Die Zusammenarbeit mit meiner Lektorin war intensiv, ohne sie wäre der Text nicht so geworden wie er nun ist. Sie hat eine großartige Textarbeit geleistet und viele Denkprozesse angestoßen. Eine der wichtigsten Fragen bei der Verlagssuche war für mich die Frage nach dem Lektor.
Gedruckt oder digital?
Ich bin bibliophil und Lesen ist für mich immer auch ein haptischer Vorgang, deswegen bevorzuge ich gedruckte Bücher, wobei ich der Meinung bin, dass die Typografie gar nicht wichtig genug sein kann. Künstlerbücher und einfach schön gemachte Bücher üben auf mich eine unwiderstehliche Anziehungskraft aus, aber alle anderen auch. In Wohnungen schau ich mir als Erstes die Bücherregale an. Natürlich haben auch E-Books enorme Vorteile, ich könnte mir vorstellen, Fachliteratur digital zu lesen. Außerdem erinnere ich mich nur zu gut ans Tragen von Taschen, die kaum noch zu heben waren: Auf dem Weg von der Uni-Bibliothek nach Hause habe ich mir des Öfteren abwechselnd geschworen, weniger Bücher einzupacken oder eben doch mein Studium abzubrechen.

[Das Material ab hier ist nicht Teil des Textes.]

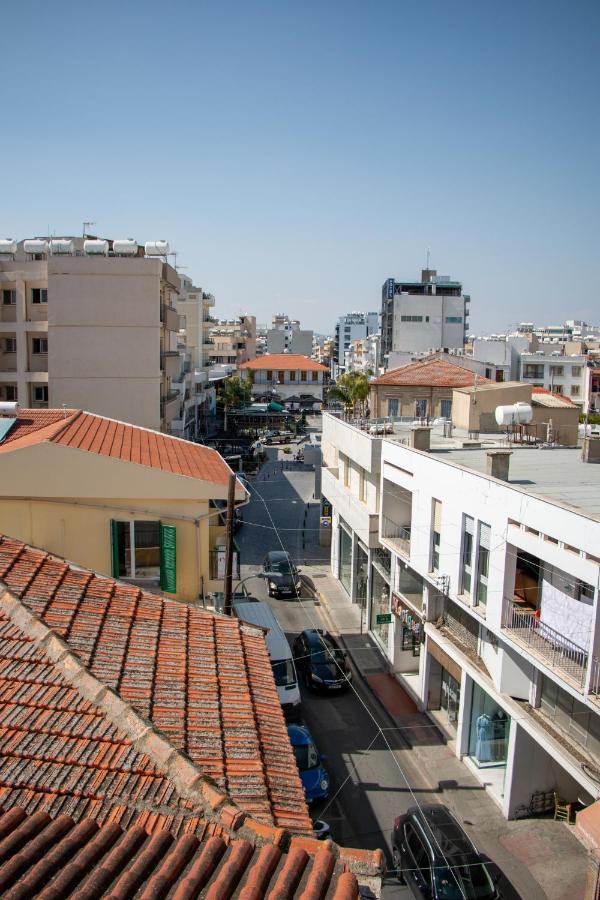 Apartmán Lakis Court Larnaca Exteriér fotografie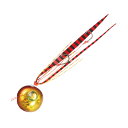 海遊(KAIYU) 海神シャンクス 120g レッドゴールド/シマシマレッド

Meine Lieblingsbuchhandlung.
In Berlin ist es die Buchhandlung Schwarze Risse auf der Kastanienallee. Es ist eine kleine, schöne Buchhandlung, mit den besten Publikationen zu politischen und soziologischen Themen aber auch Belletristik. Diese Buchhandlung habe ich noch nie mit leeren Händen verlassen. Ich liebe auch die Buchhandlung Motto in der Skalitzer Straße, dort gibt es eine riesige Auswahl an Kunstzeitschriften, Monografien und Künstlerbüchern. Und wenn man schon in der Skalitzer Straße ist, sollte man auch B-Books nicht auslassen.
Mein Plan B.
Ich würde gern eine Kochschule besuchen: Ich weiß, dass es zum Beispiel in Jerusalem viele gute Kochschulen gibt – dort lernt man ein Jahr lang Kochen und Backen und wird auf den späteren Berufsalltag in Restaurants vorbereitet. Nach meinem Studienabschluss am Leipziger Literaturinstitut wollte ich unbedingt diese Ausbildung machen, konnte aber leider die enormen Studiengebühren nicht aufbringen. Ich koche leidenschaftlich gern und habe zu Hause eine sehr umfangreiche Sammlung von Kochbüchern.
Zur Person
Olga Grjasnowa wurde 1984 in Baku, Aserbaidschan, geboren und wuchs im Kaukasus auf. Sie ist Absolventin des Deutschen Literaturinstituts Leipzig. 2010 bekam sie den Dramatikerpreis der Wiener Wortstätten für ihr Debütstück „Das bisschen Palästina“. 2011 erhielt sie das Grenzgänger Stipendium der Robert-Bosch-Stiftung. Derzeit studiert sie Tanzwissenschaften an der FU Berlin.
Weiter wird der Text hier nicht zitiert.